GIVEN RECORDS
^^^^
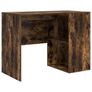 Corner Desk Smoked Oak Image 5
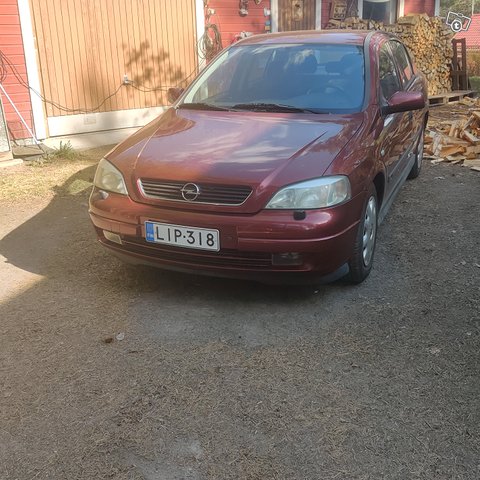 Opel Astra, kuva 1
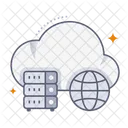 Hosting  Icon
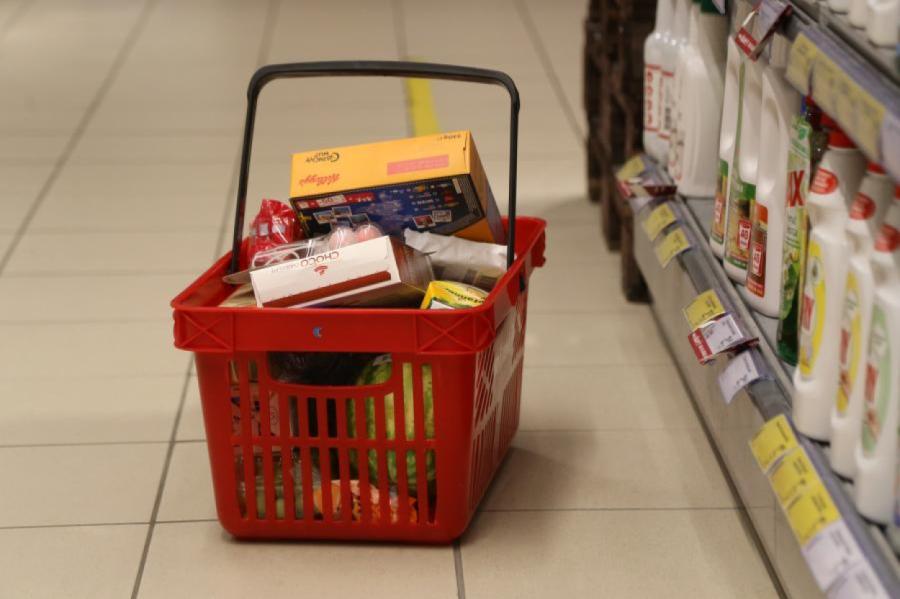 Ekonomists: "Šāda pārtikas cenu deflācija novembrī ir netipiska"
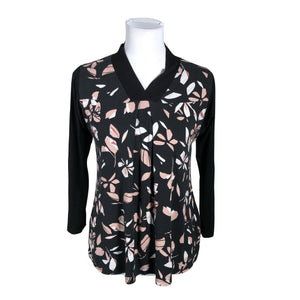 Unisex Voglia - Tricot shirt, size 32 - Black (1)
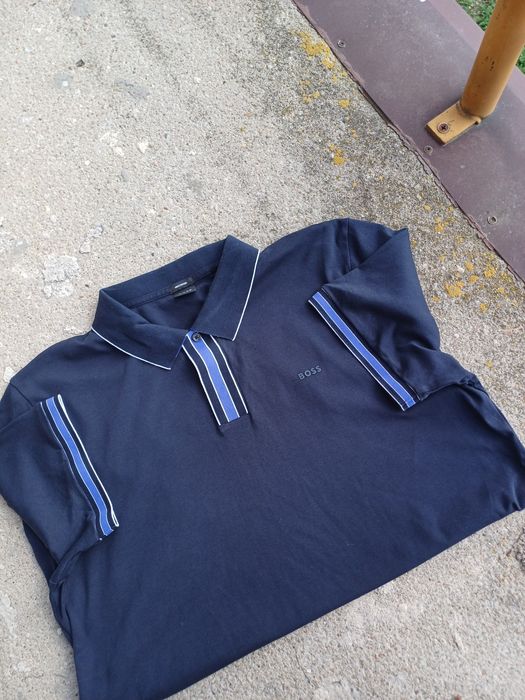 Koszulka meska polo hugo boss XXL.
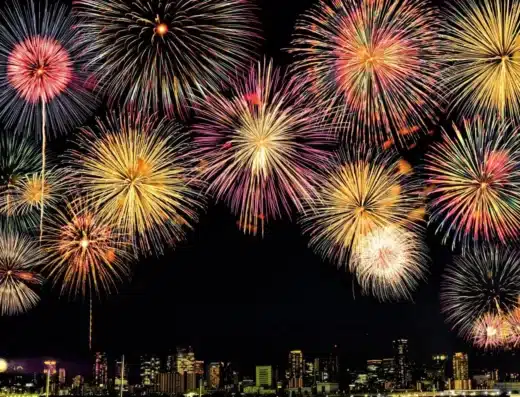 Yodogawa Fireworks Festival 2026 – Osaka, Japan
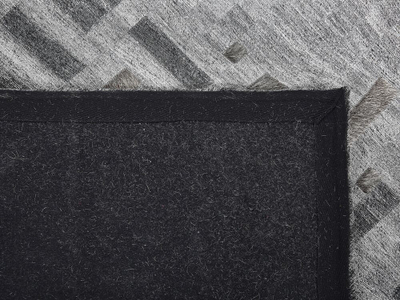 Tapet DARA Grey, 140 x 200 cm, viskozë, gri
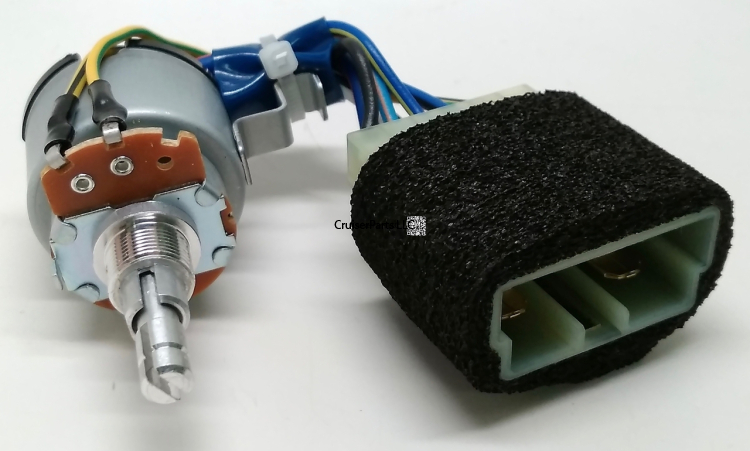 Heater Blower Switch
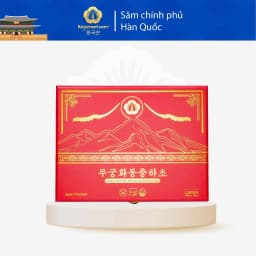 Thumbnail Tinh Chất Đông Trùng Hạ Thảo Hàn Quốc MUGUNGHWA Tăng Đề Kháng 60 gói x 30ml 1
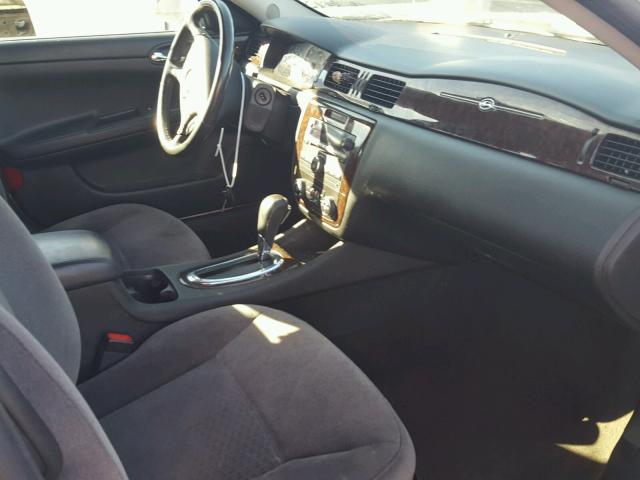 2G1WG5E39D1241449 - 2013 CHEVROLET IMPALA LT Սպիտակ լուսանկար 5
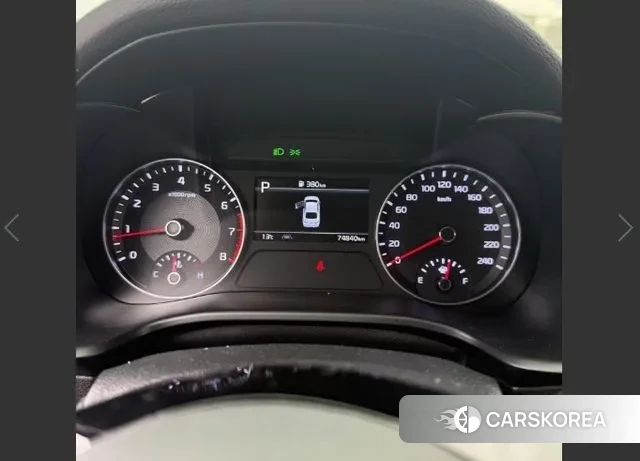 Kia The New K3 2nd generation id 3758951 из Кореи 9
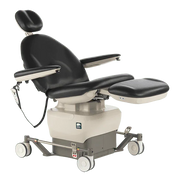 MTI Stretcher Bed - MTI 840 Series Medical Furniture - Dentamed USA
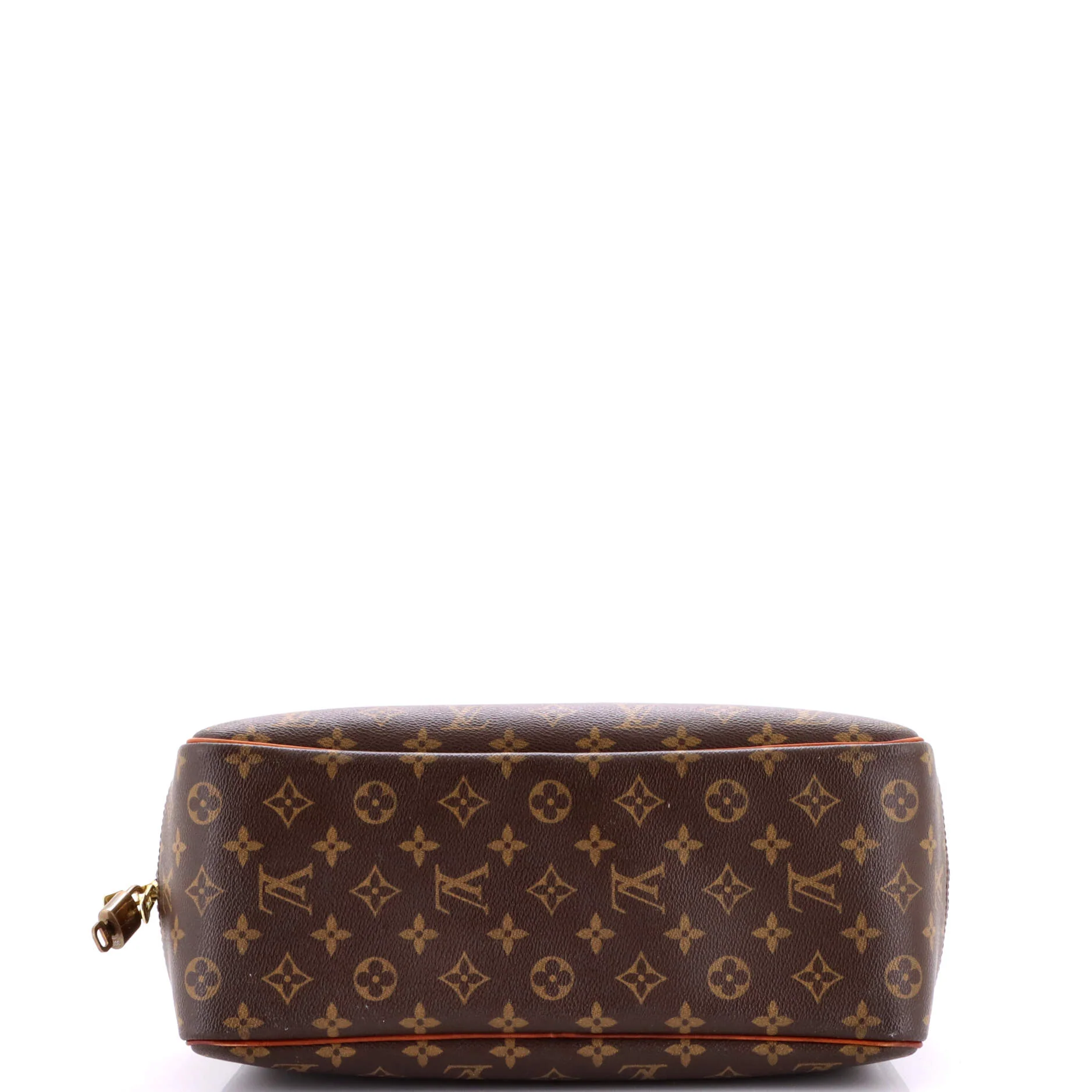 Trouville Handbag Monogram Canvas - Image 4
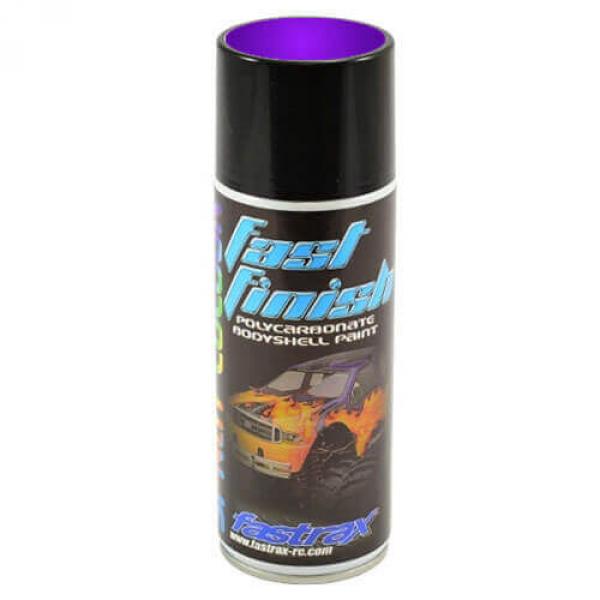 Fast Finish Candy Ice Purple Spray Paint 150Ml - FAST291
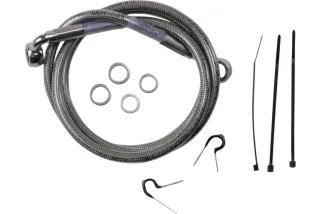 FRT BRAKE LINE 99-07 FXST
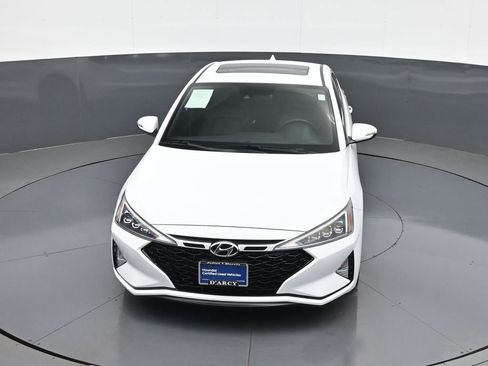 Used 2020 Hyundai Elantra Sport w/ Cargo Package (C1) FWD image 14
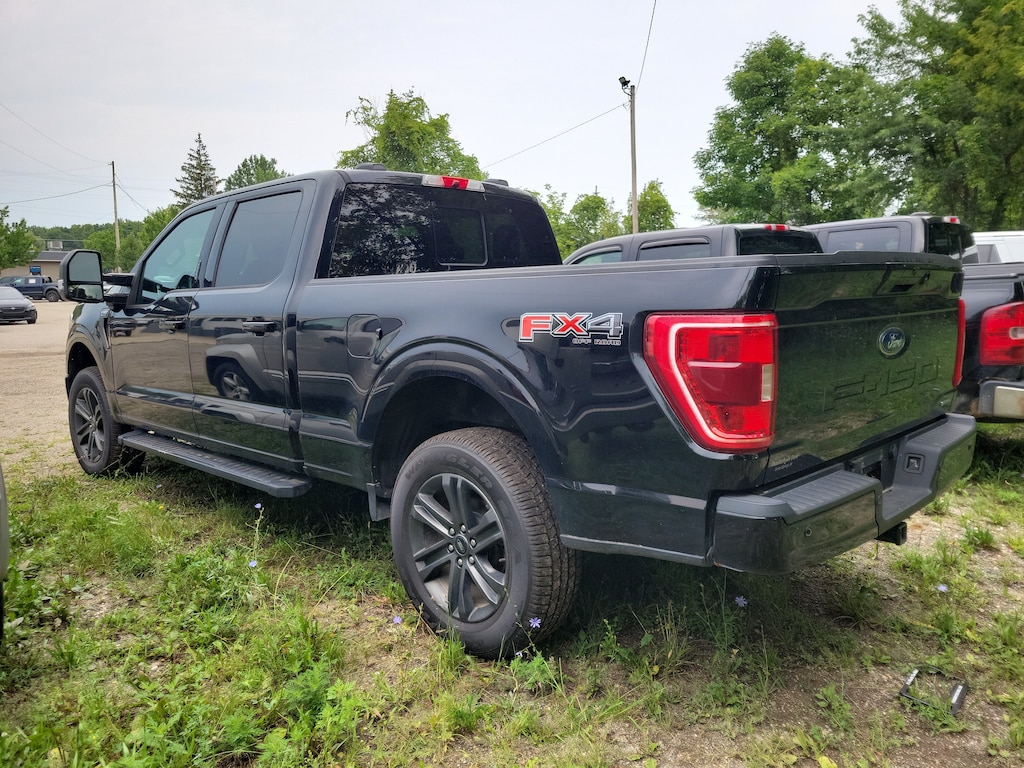 Used 2021 Ford F-150 XLT Truck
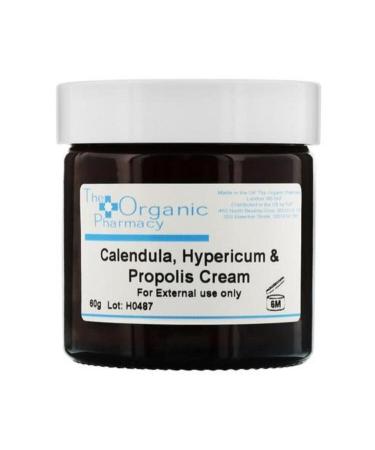 The Organic Pharmacy The Org. Pharmacy Calendula H.propolis Cream 60 Gr.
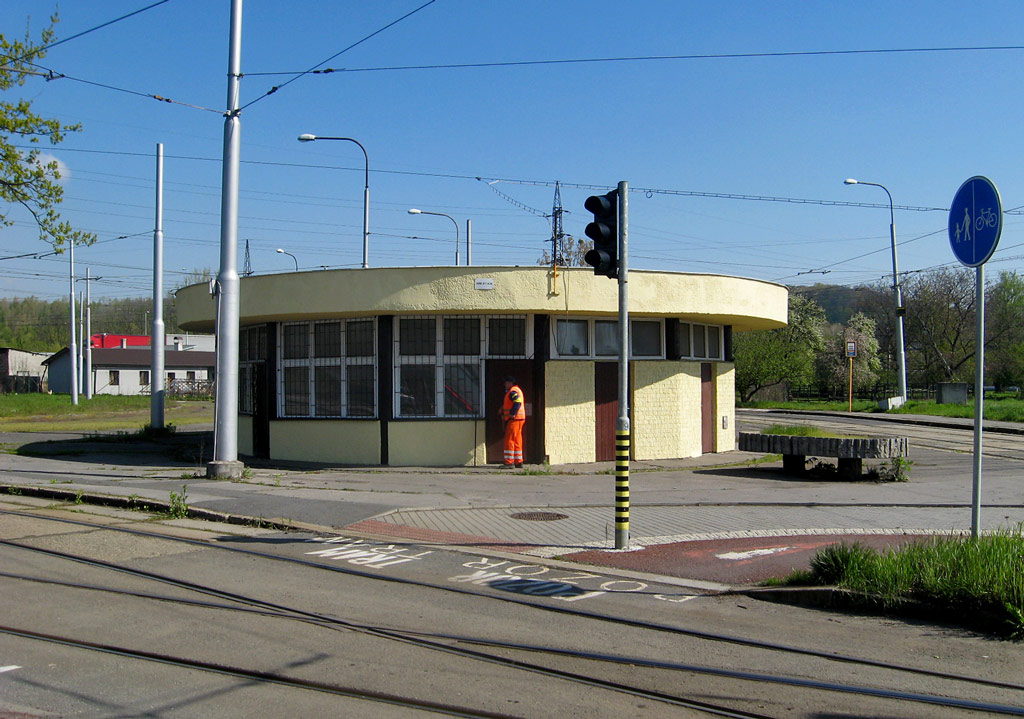 Острава, Hlučínská, ?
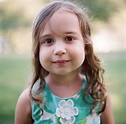 "Portrait Of A Beautiful Young Girl In A Dress" by Stocksy Contributor ...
^^^^
YOUR ASSIGNMENT
From the line containing "Tapet DARA Grey, 140 x 200 cm, viskozë, gri" to the last line of the records above, return each line exactly, both ends included, and nothing more. Leave out the pictures.

EXERCISE SOLUTION
 Tapet DARA Grey, 140 x 200 cm, viskozë, gri
 Heater Blower Switch
 Thumbnail Tinh Chất Đông Trùng Hạ Thảo Hàn Quốc MUGUNGHWA Tăng Đề Kháng 60 gói x 30ml 1
 2G1WG5E39D1241449 - 2013 CHEVROLET IMPALA LT Սպիտակ լուսանկար 5
 Kia The New K3 2nd generation id 3758951 из Кореи 9
 MTI Stretcher Bed - MTI 840 Series Medical Furniture - Dentamed USA
 Trouville Handbag Monogram Canvas - Image 4
 Fast Finish Candy Ice Purple Spray Paint 150Ml - FAST291
 FRT BRAKE LINE 99-07 FXST
 Used 2020 Hyundai Elantra Sport w/ Cargo Package (C1) FWD image 14
 Used 2021 Ford F-150 XLT Truck
 The Organic Pharmacy The Org. Pharmacy Calendula H.propolis Cream 60 Gr.
 Острава, Hlučínská, ?
 "Portrait Of A Beautiful Young Girl In A Dress" by Stocksy Contributor ...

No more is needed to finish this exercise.